En lien et en complément avec les recommandations liées aux bâtiments pour l’eau, le gaz et l’électricité, une machine utilise généralement différents fluides, liquides ou gazeux. Ils sont utilisés comme sources d’énergie (hydraulique, pneumatique, vapeur, eau surchauffée…) ou comme des fluides chimiques distribués (azote, hydrogène, acide chlorhydrique…). De même, nous considérons les matières pulvérulentes (farine, ciment, etc.) ou granuleuses (blé par exemple) comme des fluides.

L’ensemble des réseaux de ces fluides doivent être vérifiés afin de détecter d’éventuelles fuites dans la distribution, ces fuites ayant par ailleurs pu créer des accumulations dans des espaces exigus, confinés ou difficiles d’accès. Attention, les fluides peuvent générer des risques liés à leur propriété physico-chimiques : toxique, corrosif, inflammable, explosif, se substituant à l’oxygène (risque d’anoxie) et également des risques liés à des incompatibilités entre eux.

Les éléments de distribution des fluides (pompes, vannes, moteurs…) doivent également être vérifiés. 

Energies des machines

Il convient de vérifier si les procédures de consignation ont été effectivement appliquées lors de la mise à l’arrêt.
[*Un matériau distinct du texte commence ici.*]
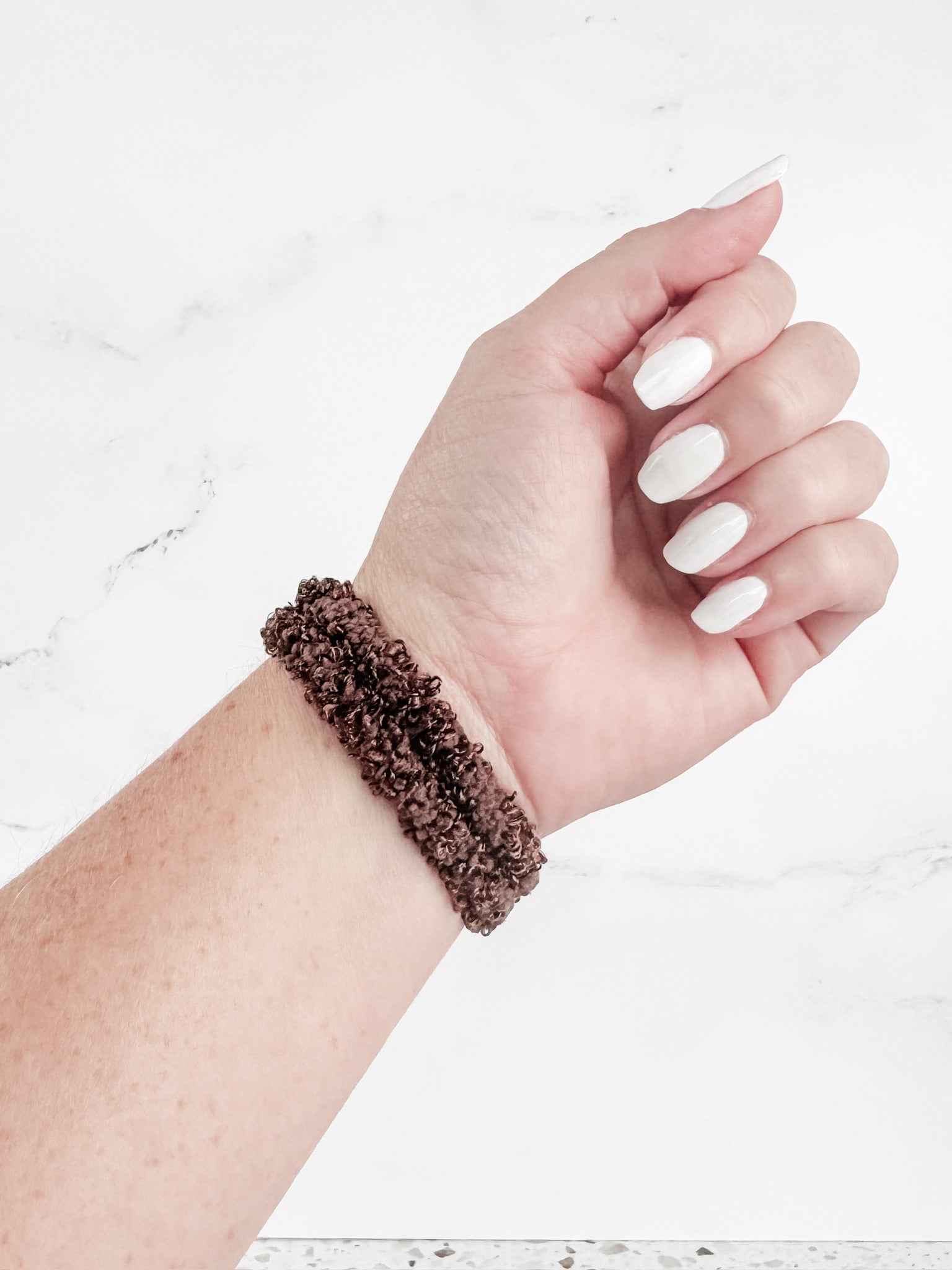 Fuzzy Duo Hair Tie Set FINAL SALE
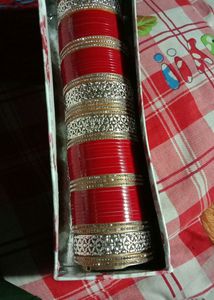 Red Bridal Chuda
La machine est-elle séparée de ses sources d’énergies ?

Comme pour les réseaux de distribution, il est également nécessaire de vérifier au sein des machines d’éventuelles fuites, accumulations, mélanges.

En fonction de la nature des fluides, des dissipations, des rinçages, des ventilations peuvent devoir être effectués du fait, par exemple, de colmatage des filtres, de pollution dans les bacs de décantation, de développement de bactéries dans les aérocondenseurs, de condensation dans les circuits… (Pour rappel, la dissipation est l’opération qui consiste à éliminer les énergies potentielles et résiduelles ou à évacuer des fluides. Elle inclut l’assainissement, la décontamination, la neutralisation…).

Par exemple, de l'humidité dans un circuit d'embrayage frein de presse mécanique peut saturer le silencieux d'échappement et induire des temps de freinage allongés et dangereux.

L’entreprise portera également une attention particulière aux masses suspendues (énergie potentielle, risque de chute/mouvement de gravité de pièces mobiles) ; leur moyen de retenue a pu être fragilisé, déplacé.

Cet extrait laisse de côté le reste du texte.